Counting links Hello, I would like to count all: 1. Internal Links and all: 2. Outbound Links where $url="mypage.com/about.html"; $pageHTML = file_get_contents('http://'.$url); So: Forexample; http://whois.domaintools.com/digitalpoint.com Links 7 (Internal: 7, Outbound: 0) <a href="contact.html">contact us</a> is an internal link. <a href="http://www.mypage.com/info.html">contact us</a> is an internal link. <a href="http://mypage.com/hello.html">hello world</a> is an internal link. <a href="https://secure.mypage.com/hello.html">hello world</a> is an internal link. <a href="http://www.google.com/">google</a> is an external link. <a href="https://secure.google.com/">google</a> is an external link. <a href="javascript:dosomething();">JS</a> is NOT a link. Any ideas? Thanks!

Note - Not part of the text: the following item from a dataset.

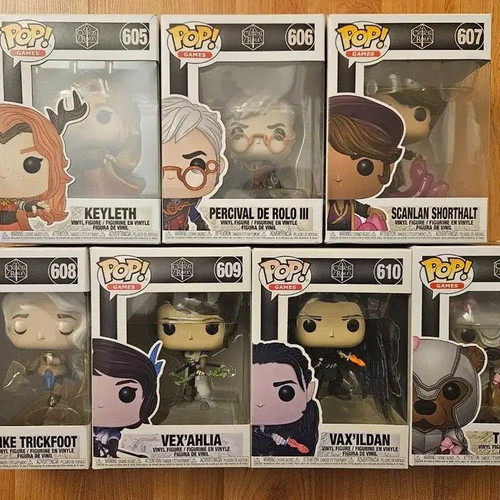 Games Funko Pop collection with Blizzard, Witcher, Skyrim, God of War, Assassin's Creed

Try somthing like this: <?php function parseLinks( $url ) { $int = array(); $out = array(); $content = @file_get_contents( $url ); if( $content ) { $urlParts = @parse_url( $link ); $curHost = preg_replace("/^ww.\./ims", '', $urlParts['host']); preg_match_all("/<a.*?href\s*=\s*['\"]?([^\s>'\"]+)['\"]?/ims", $content, $matches, PREG_PATTERN_ORDER ); foreach ( $matches[1] as $link ) { $link = trim( $link ); if( $link[0] == '#' ) { continue; } $urlParts = @parse_url( $link ); if( @$urlParts['scheme'] && stripos( $urlParts['scheme'], 'http' ) === false ) { continue; } if( $urlParts ) { if ( @$urlParts['host'] && stripos( $urlParts['host'], $curHost ) === false ) { $out[] = $link; } else { $int[] = $link; } } } return array( 'int' => $int, 'out' => $out ); } return false; } $res = parseLinks('http://forums.digitalpoint.com/showthread.php?p=10034063&posted=1#post10034063'); echo "Internal: ".count( $res['int'] )."<br />"; echo "Outbound: ".count( $res['out'] )."<br />"; ?> PHP:
thank you its working.. perfect solutions. but I want dont view link to google adsense advertisement links thank you..
caykoylu, Google adsense links are generated by Java Script. So, you can't see them in html source code.